El director británico debe tener una relación algo más serena con la lluvia que la pueda tener cualquier otro ciudadano más o menos ejemplar. Puede que eso le llevara a incluirla como símbolo de decadencia en su filme por antonomasia. Ser británico, por supuesto, tampoco le hace a uno ser más amante de la lluvia. Pero quiero pensar que cualquier persona nacida algo más arriba de los Pirineos la acepta en su regularidad con todo lo que supone.
Por aquí, por el salvaje oeste, la echamos de menos a ratos, pero queda la idea de que la odiamos todo el tiempo. Por eso cada vez que llueve con regularidad recuerdo con más nitidez mis años ingleses. Jamás olvidaré aquellos días primaverales, de chuzos casi asesinos, en que salía de casa con un abrigo impermeable enorme, unas botas negras militares de caña alta, y un paraguas que casi total seguridad no sobreviviría más de una semana. Mi contraste de astronauta de secano era tan atroz con respecto al de mis vecinos anglosajones, espigados, con una simple gabardina, que me he preguntado muchas veces si de verdad compartimos el mismo planeta. Yo, intentando permanecer aislado del agua, como si fuese a acabar con mi existencia, y ellos, impasibles, resignados a la presencia de un elemento tan presente y tan ordinario como los impuestos y el plomo que la anuncia arriba, en el cielo.

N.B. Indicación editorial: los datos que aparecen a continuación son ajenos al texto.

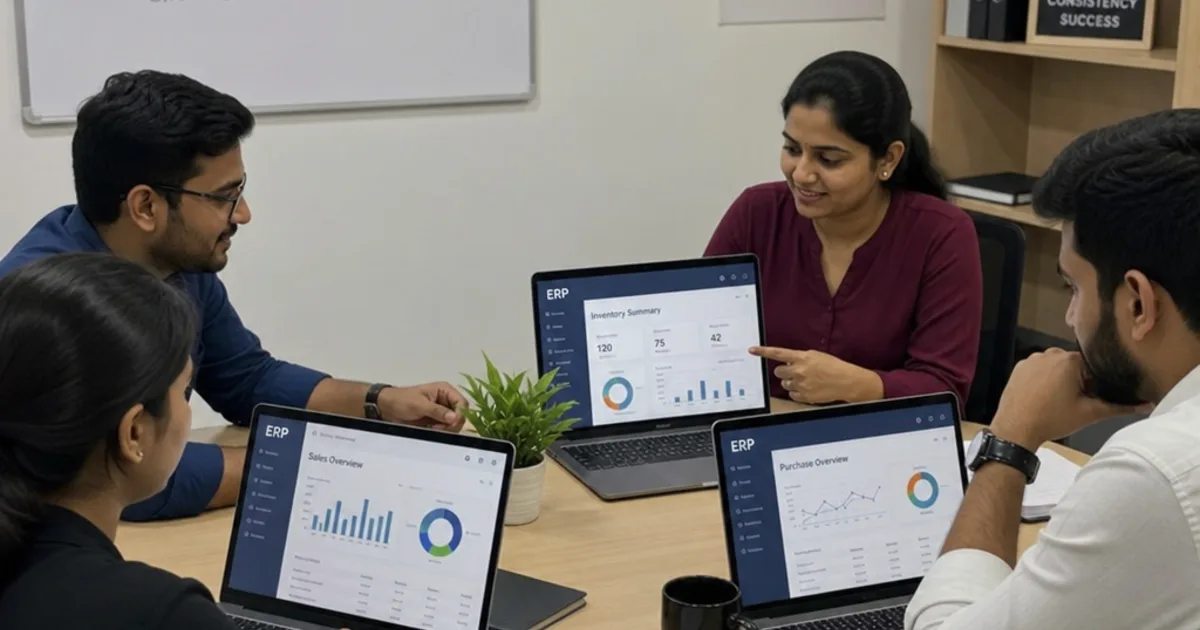 An operations manager reviewing an open source ERP dashboard on an office screen, with stock levels, purchase orders and production jobs side by side.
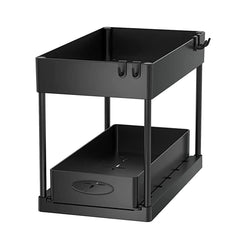 2-Tier Sliding Under Sink Organizer with Hooks & Hanging Cup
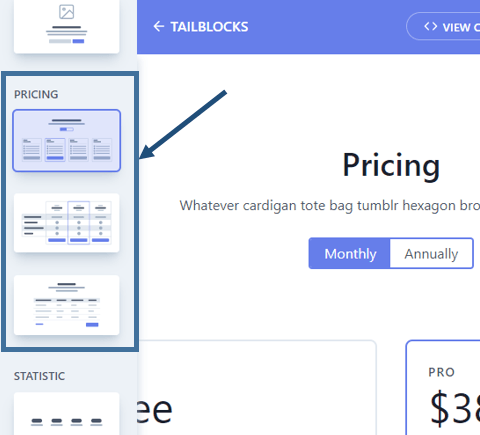 Elegir el bloque que queremos usar de TailwindCSS en Tailblocks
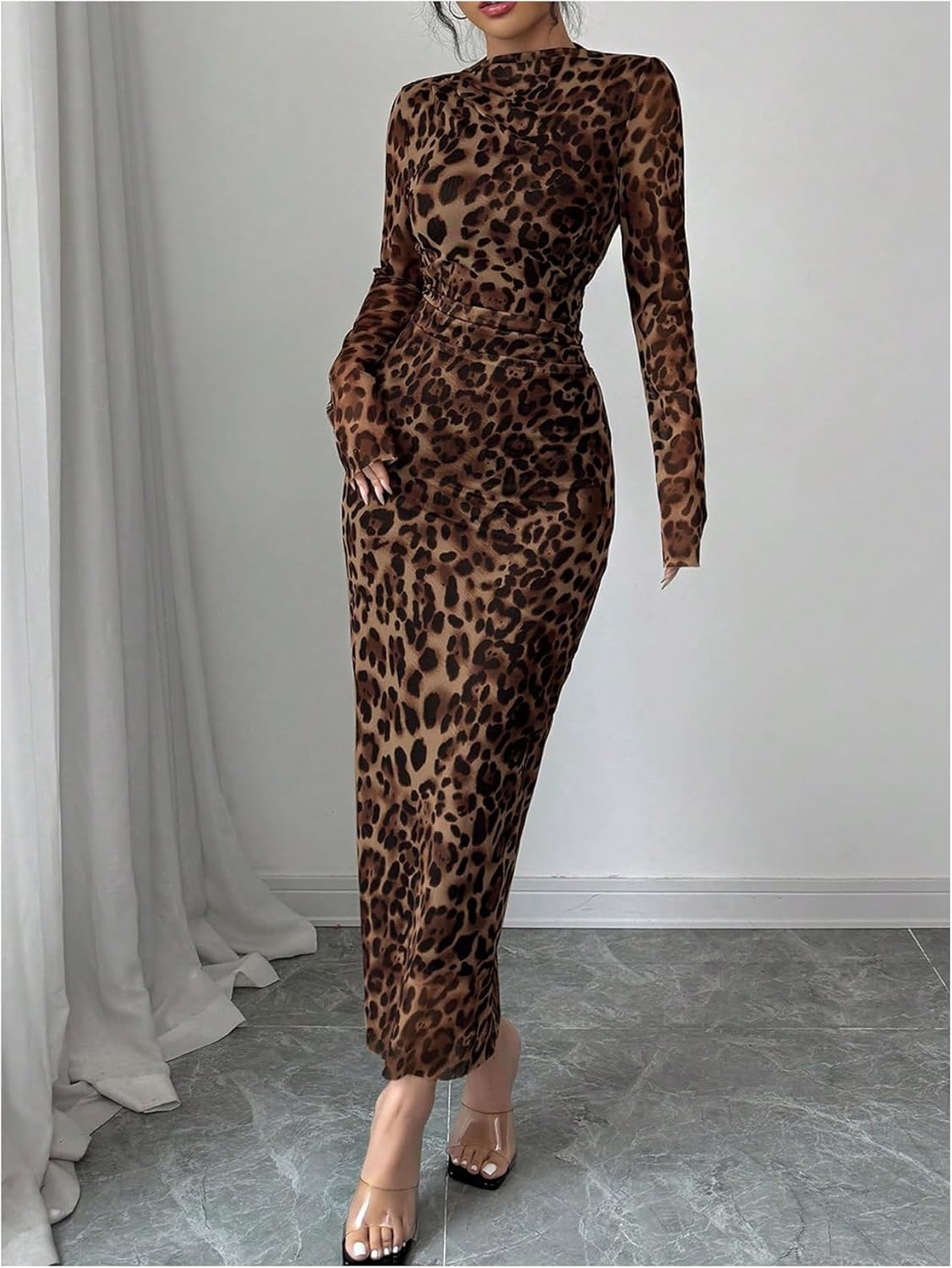 SHENHE Women's Leopard Print Mesh Sheer Long Sleeve Maxi Dress Ruched Bodycon Party Long Dress - Image 4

A alguien le oí decir una vez que las estaciones en Inglaterra son las dos únicas cosas en esta vida que deciden si una gabardina se abre o se cierra. Yo, que jamás tuve gabardina, me obligué a acostumbrarme a usar paraguas y chambergo impermeable, cosas que odio llevar encima pero he recuperado inesperadamente, y que celebro no saber usar del todo bien, porque la lluvia, ya se sabe, nos vuelve idiotas a los del salvaje oeste. Y no voy a ser yo más listo que nadie.
Solo así se puede explicar que disfrutemos de la buena costumbre de despilfarrar agua en cada desembalse. De cada rotonda anegada y de cada barriada de colonización aislada. De cada barrio que se queda sin luz y del atasco de cada desagüe. De los lloros por un desfile y una procesión deslucida que deja más llanto en el campo que en las naves de un polígono o en una sacristía. Como si fuese su culpa que nuestra vida no esté hecha a sus envites. Como si de su existencia dependiesen la de nuestros cuellos, la de los paraguas, la de los coches, la de las botas altas, la de los chubasqueros, hasta la de las cafeterías y la de las pelis de por la tarde.
No, no tenemos una buena relación con la lluvia, y cada vez que caen chuzos de punta es más evidente que es un síntoma palpable de nuestra decadencia. Algo sabría Ridley Scott, por muy británico que fuese, y aunque no haya visto en su vida un pantano extremeño escupiendo agua.